*** Data shown Section Begins ***

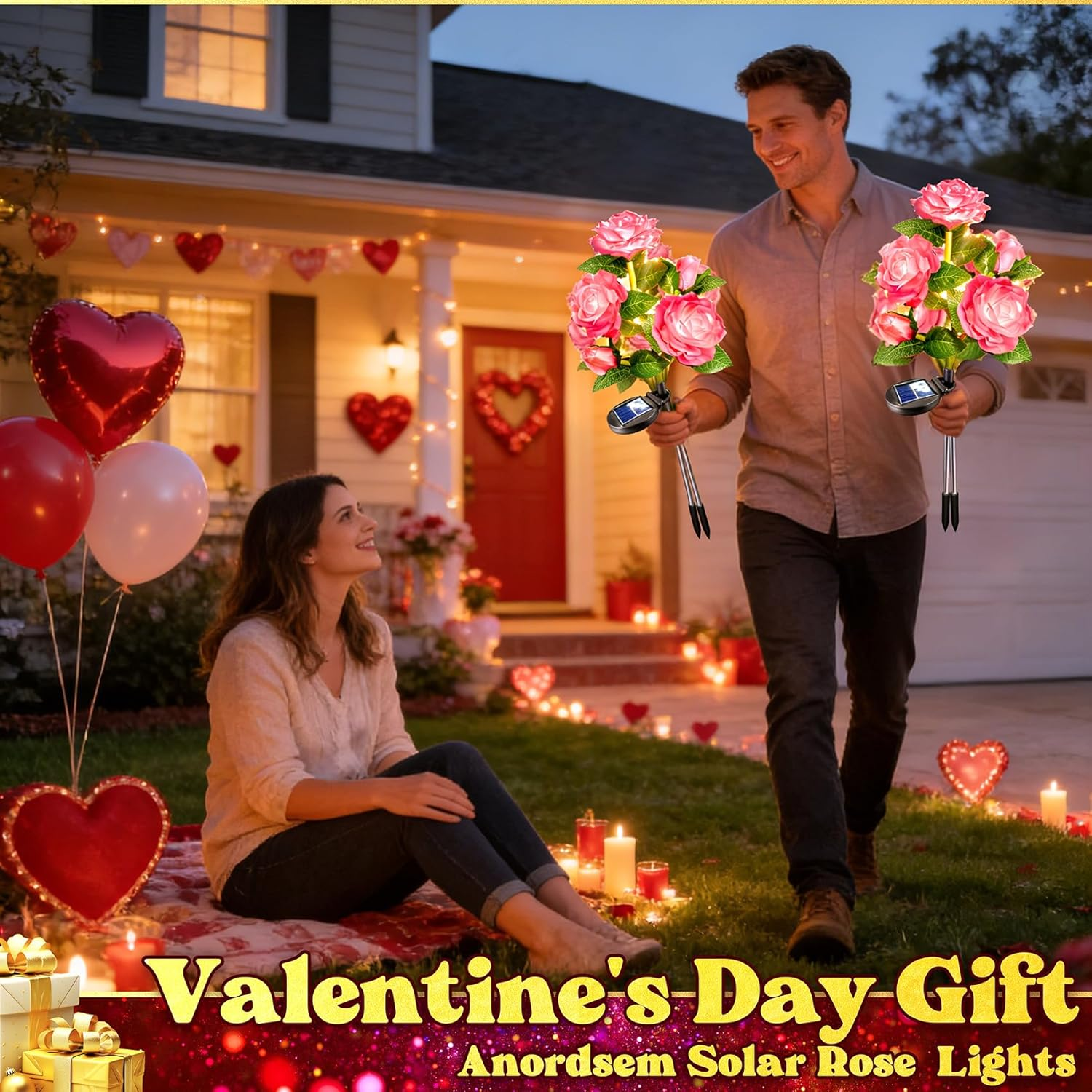 Solar Flowers Lights Garden Outdoor Decor 2 Pack, Waterproof Pink Cemetery Rose for Grave Yard Patio Path Flower Bed Decorotions Outside, Valentines/Mothers Day Birthday Gifts for Mom Women Grandma image number 2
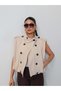 Pleated Stand Collar Buttoned Vest - 2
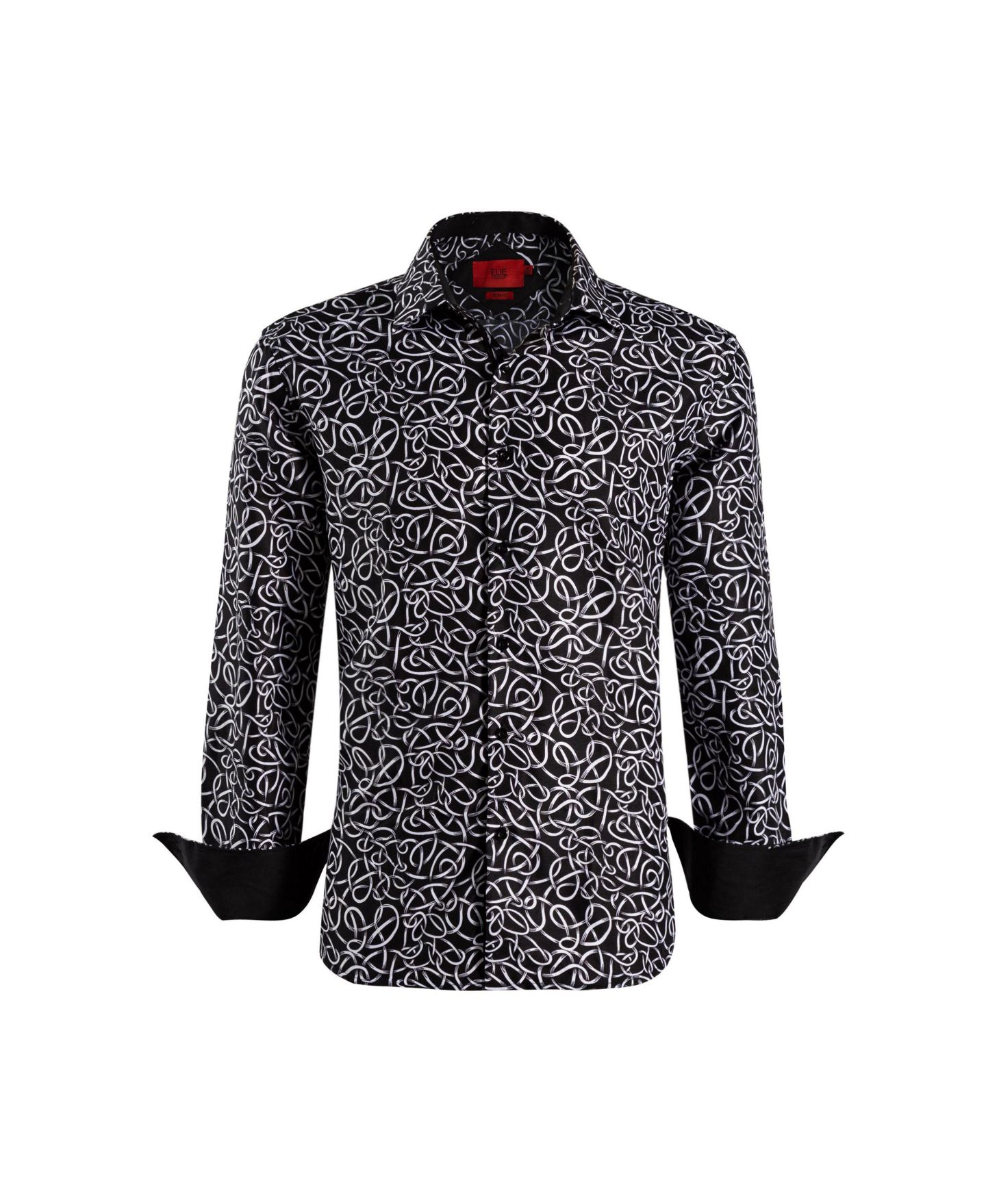 Рубашка Elie Balleh Black Slim Fit Swirl Print Button-Down Shirt для мальчиков, цвет: Чёрный — фото 1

*** Data shown Section Ends ***

The task —
Omit the pictures, then output the rest of the listing exactly.

Response to the exercise —
 Solar Flowers Lights Garden Outdoor Decor 2 Pack, Waterproof Pink Cemetery Rose for Grave Yard Patio Path Flower Bed Decorotions Outside, Valentines/Mothers Day Birthday Gifts for Mom Women Grandma image number 2
 Pleated Stand Collar Buttoned Vest - 2
 Рубашка Elie Balleh Black Slim Fit Swirl Print Button-Down Shirt для мальчиков, цвет: Чёрный — фото 1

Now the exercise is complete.